SAVED data framework
A Story
Scene on a Zoom call, early Mary’s time, late Steve. Mary has blurred background, Steve has chosen the Golden Gate Bridge, but lives in Tulsa, OK.
Mary : “Steve, did you save the data?”
Steve : “Sure, yeah, I saved it. “
Mary : “Hmmmm…. did you save it?”
Steve : “Um, yeah, it’s on disk”
Mary : “If I wanted to recreate this entire analysis, could I do it from your documentation?”
Steve : “Uh… no.”
Mary : “I’m having thoughts right now.”
Steve : “But what can I do?”
Background
When you have a complicated analysis, or even a simple pipeline, it helps to have a clean way of knowing what the basic elements are needed to make it run. Like a pilot’s flight prep list, this helps you make sure you’re ready to keep your data saved.
Goals
The SAVED framework gives a quick way to make sure you’re ready to go. Filling out all the relevant information will ensure that other users (including yourself in the future) will praise rather than vilify you.
Framework
S - Source
Where is the data coming from? Be specific and include any relevant filters or caveats. If there’s multiple sources, give them simple short names, but make sure that you’re as precise as possible.
A - Analysis
What did you do with the data? Did you summarize it? Perform some sort of data science thing?
V - Validate
Nothing can ruin a good day like finding out the data you depend on is mis-understood or poorly assembled upstream. Go on the defensive and test the data before shipping it to your friends and neighbors.
E - Export
Magic has happened - you’ve found something amazing that you want to share with the world. Well? What is it? A table? A chart? A Zip file? Where can I find it in the future?
D - Documentation
All the above is prep for your documentation. You do documentation right? And you do it as you go? Sure! This makes it easier.
Conclusion
Years ago, it was common to lose data if you didn’t save regularly. It was normal to hit the Save button before you went to the bathroom, finish for the evening or go for a few minutes working on a document. Things happened, and you wanted to be ready.
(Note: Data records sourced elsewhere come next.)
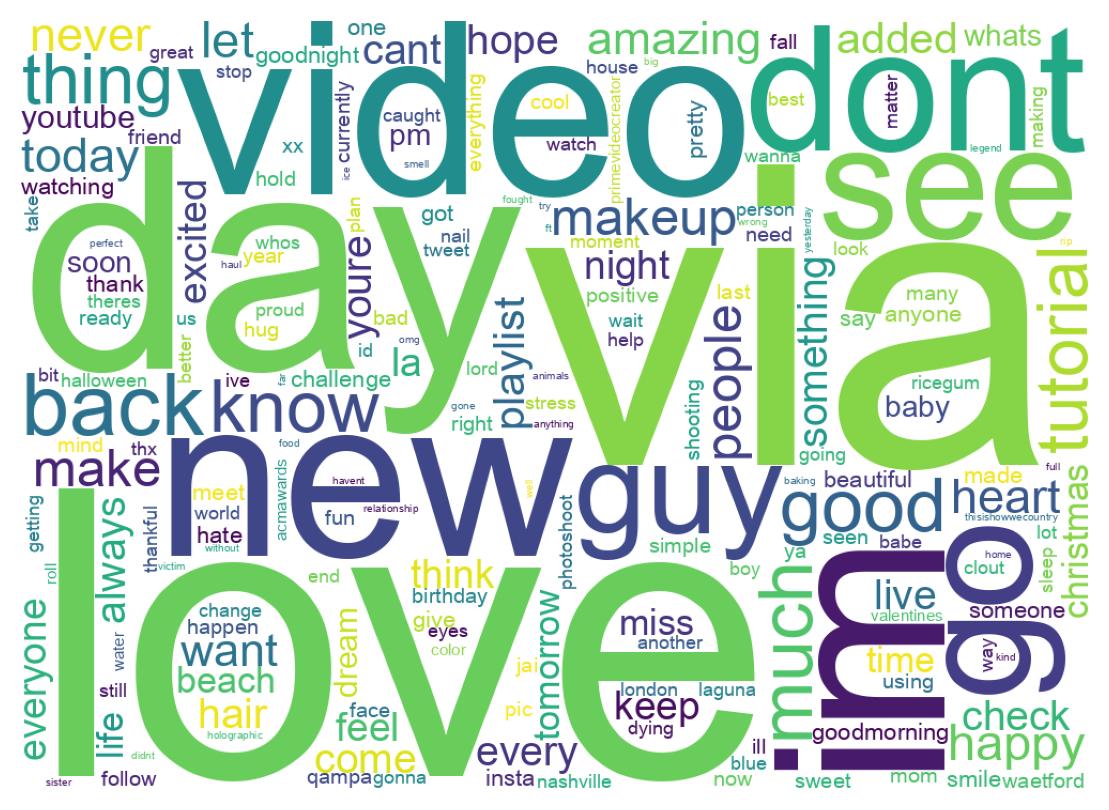 ツイートのワードクラウド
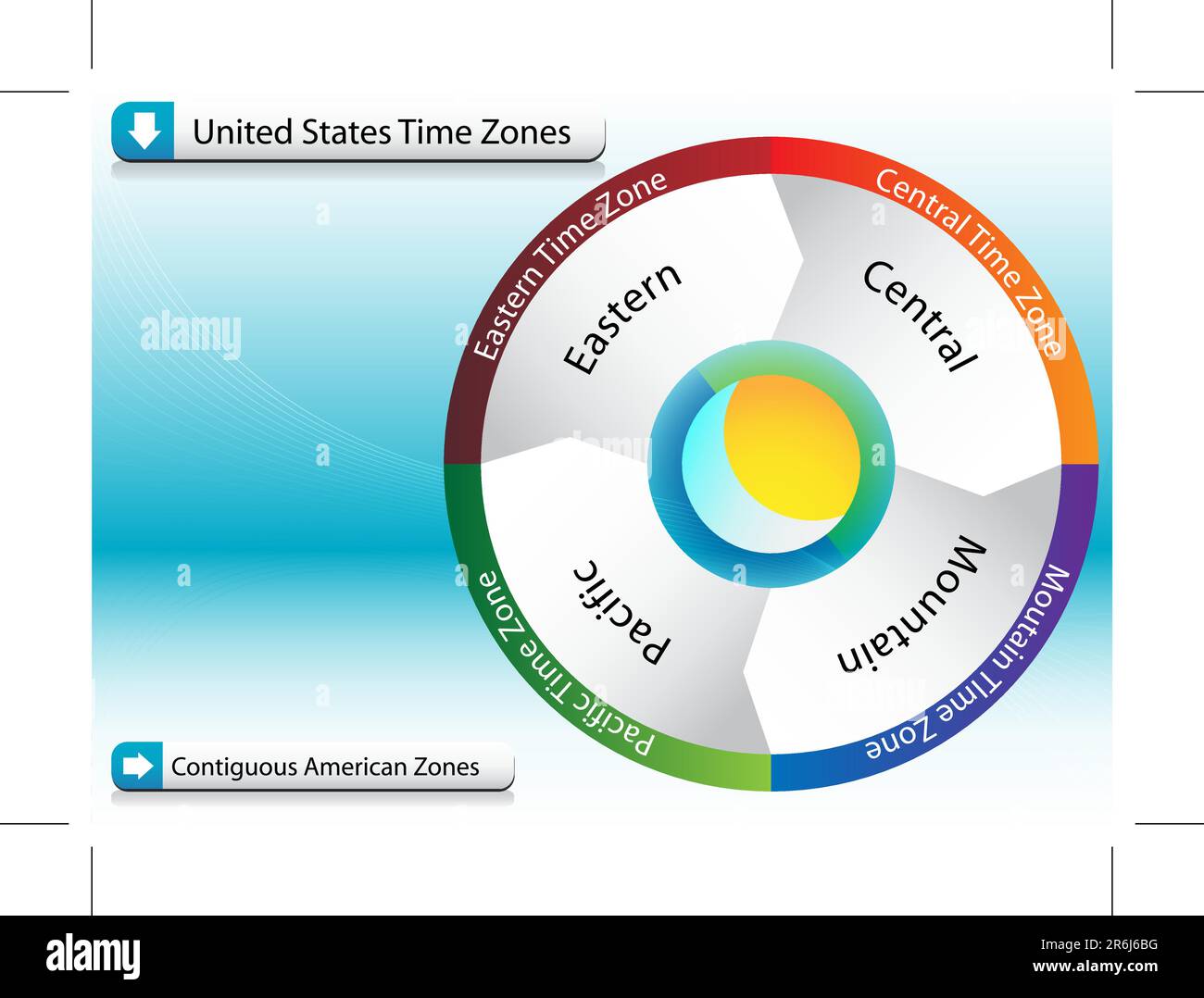 Ein Bild von einem amerikanischen Zeitzone Diagramm. Stock Vektor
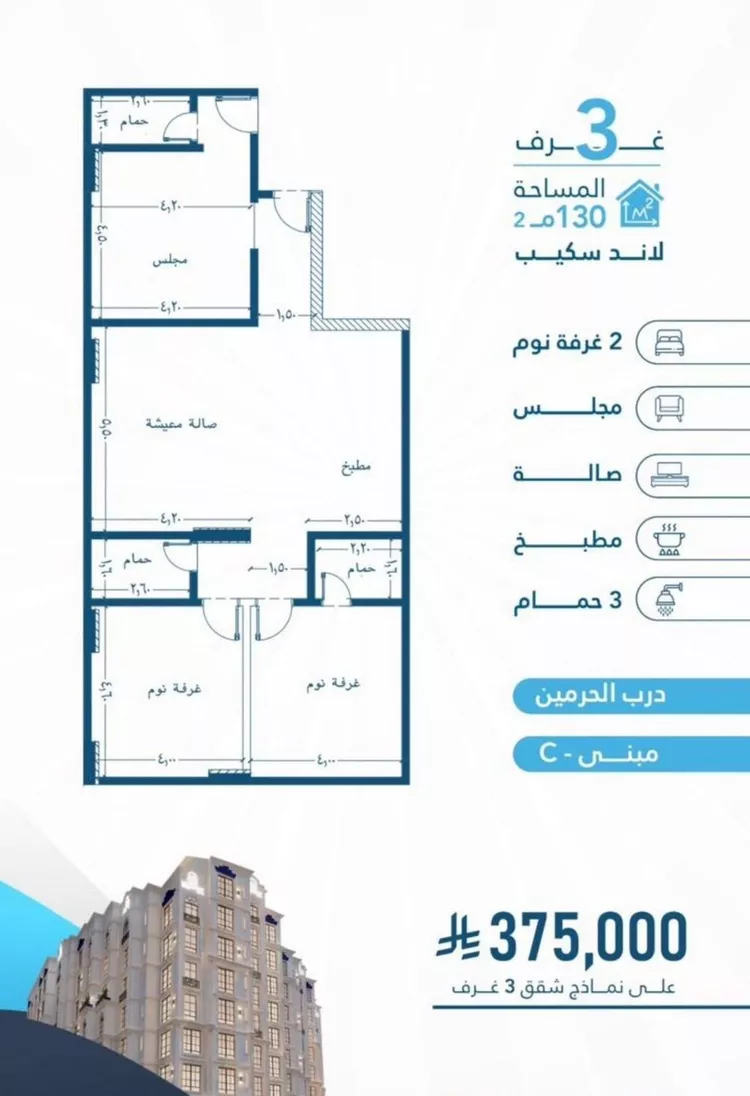 شقة للبيع في شارع البثنة, حي الفيحاء, مدينة جدة, منطقة مكة المكرمة صورة 2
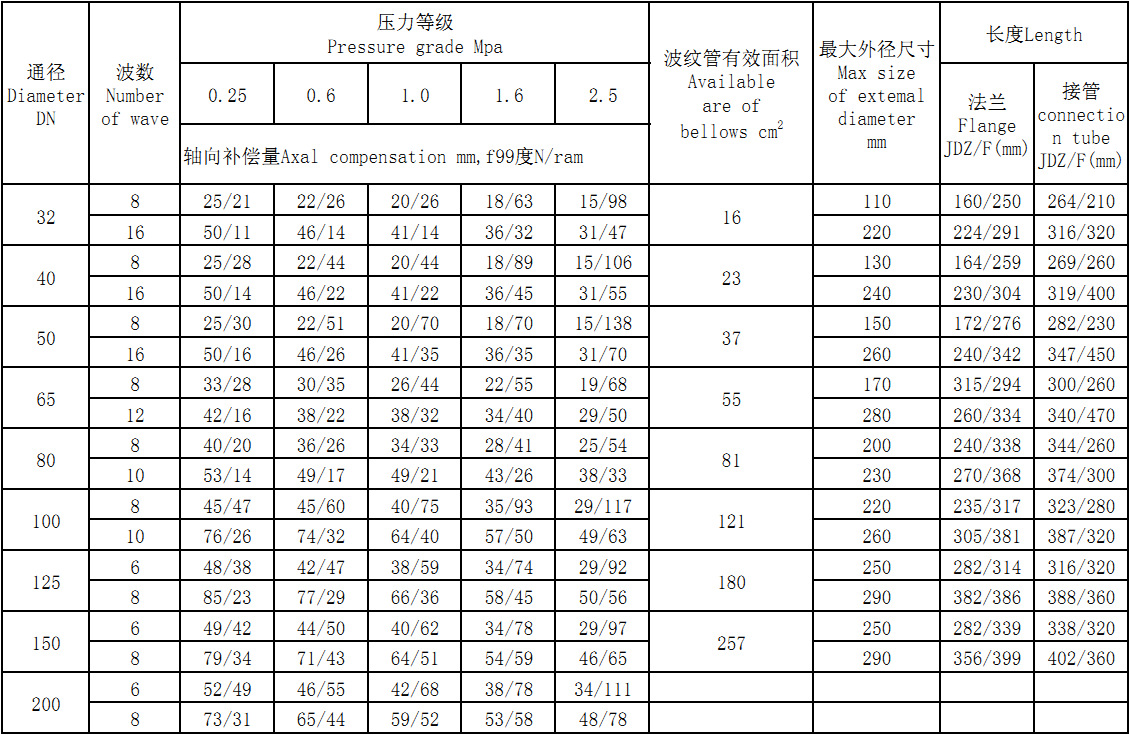 不銹鋼膨脹節(jié)技術(shù)參數(shù)：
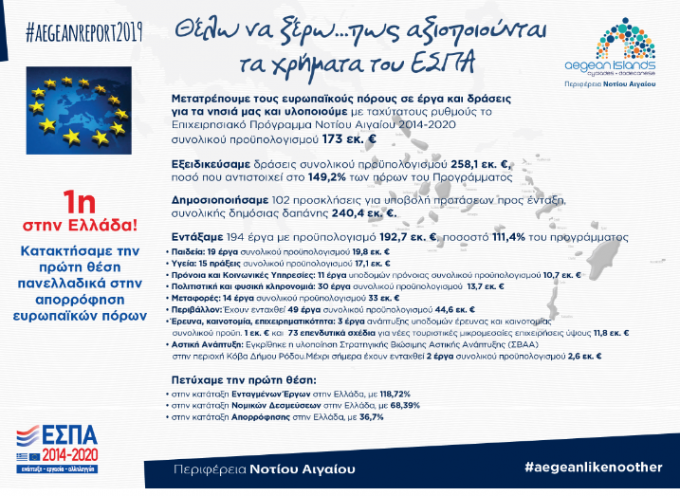 ΠΝΑΙ: “Πρωτιά της Περιφέρειας Νοτίου Αιγαίου και το 2019 στην αξιοποίηση των πόρων του ΕΣΠΑ 2014 – 2020”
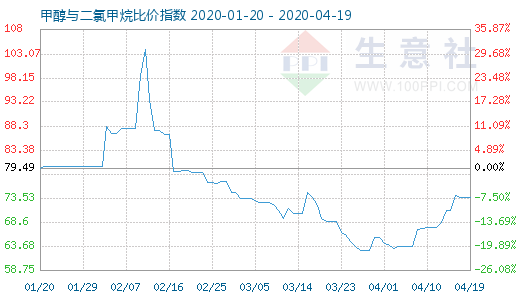 4月19日甲醇與二氯甲烷比價(jià)指數(shù)圖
Then Word and other tools introduced Auto Save - this (now) obvious idea was that it wasn’t that expensive anymore to hit the save button for you. Sure bad things happened, but statistically you were less likely to lose something important.
With the migration to the cloud, the save button has all but disappeared. Type a letter, make an alteration, paste a picture - your file is saved continuously. Have problems with your computer? Not a problem, everything up to the last second was saved.
The loss of the save button has removed an important concept that’s relevant in the world of data analysis and engineering. You need to be able to show your work.
By following the framework, you can be sure to retain the key elements making it easier to understand your flow and save your bacon in the future.
You’re making better sense of the world with key data - be ready to show how you got there. Use SAVED.